Eastwood v Kenyon (1840)
Eastwood v Kenyon (1840): Eastwood was a guardian of a young heiress who borrowed 140 pounds to educate and improve her estate, she promised to repay the sum, when the money was not forthcoming Eastwood brought an action against her to enforce but the court stated it was not enforceable because the consideration was in the past.
Exception to Rule #1
- the service must have been rendered at the promisor’s request
- The parties must have understood that the act would be paid for, or that the other party would derive some benefit
- payment would be legally enforceable had the promise been made
Lampleigh v Braithwaite (1615)
Braithwaite was found guilty of murder and was in prison. The defendant approached the plaintiff and said to go to the king and ask for a pardon on his behalf, he did and went to the plaintiff several times and asked for the pardon and he in fact is granted the pardon, Braithwate says to the plaintiff when he comes out of prison he will pay him 100 pounds. The exchange already happened in the past - he was asked to complete the act by the defendant, and the court said a voluntary act done before the promise is made would not constitute good consideration. He did not act voluntarily and was asked to go to the king and ask for pardon. Exception: past consideration can be valid it it was performed at the request of the promisor.
Re Casey’s Patent (1892)
Normally, if you do something for someone and they later promise to pay you, that promise isn’t enforceable because the act was already done without any prior agreement.

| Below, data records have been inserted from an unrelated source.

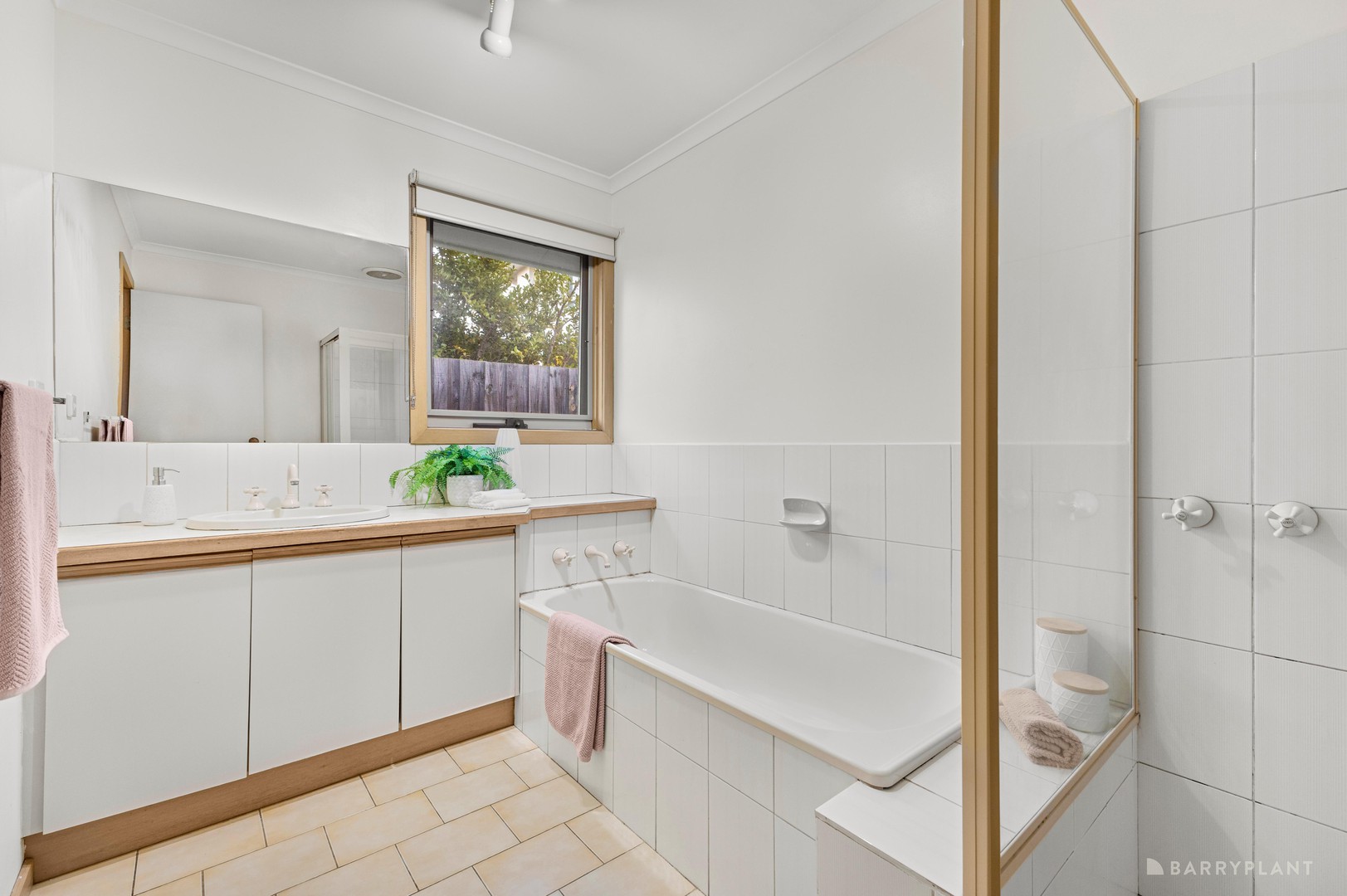 16 Bicentennial Court, Doncaster East, VIC 3109, Doncaster East - Thumbnail 7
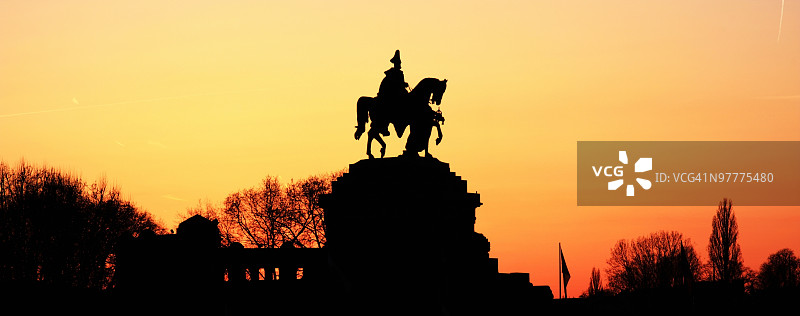 德国莱茵兰-普法尔茨州科布伦茨的威廉皇帝纪念碑剪影图片素材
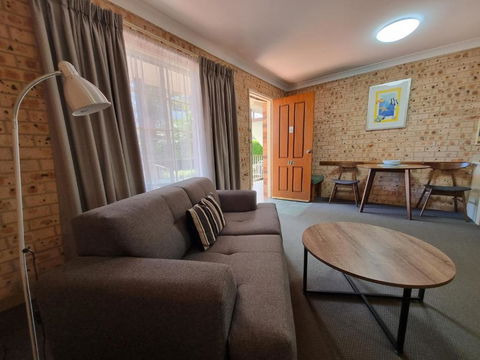 Cardiff Motor Inn - Accommodation Mermaid Beach 1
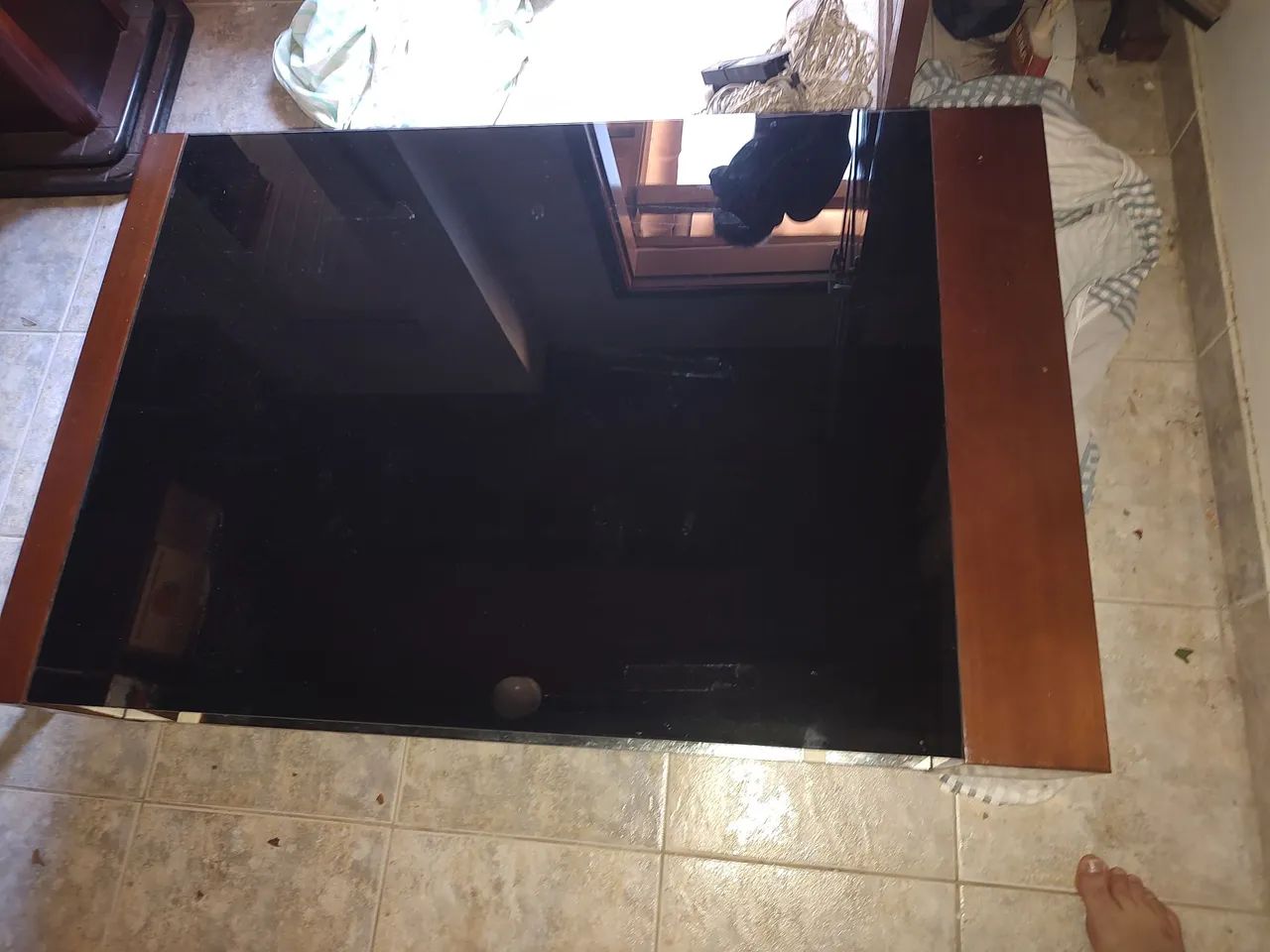 Mesa de centro com tampo de vidro preto com espelho embaixo  - Foto 2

In Re Casey’s Patents, Casey helped manage patents, and afterward, he was promised a share in them as a reward. The court held that this was enforceable because:
The work was done at the request of the other party (not just volunteered).
There was an implied promise that Casey would be paid in some way for his work, even if the exact terms were decided later.
So, if the service is done with an expectation of payment and later a promise is made, it can still count as valid consideration.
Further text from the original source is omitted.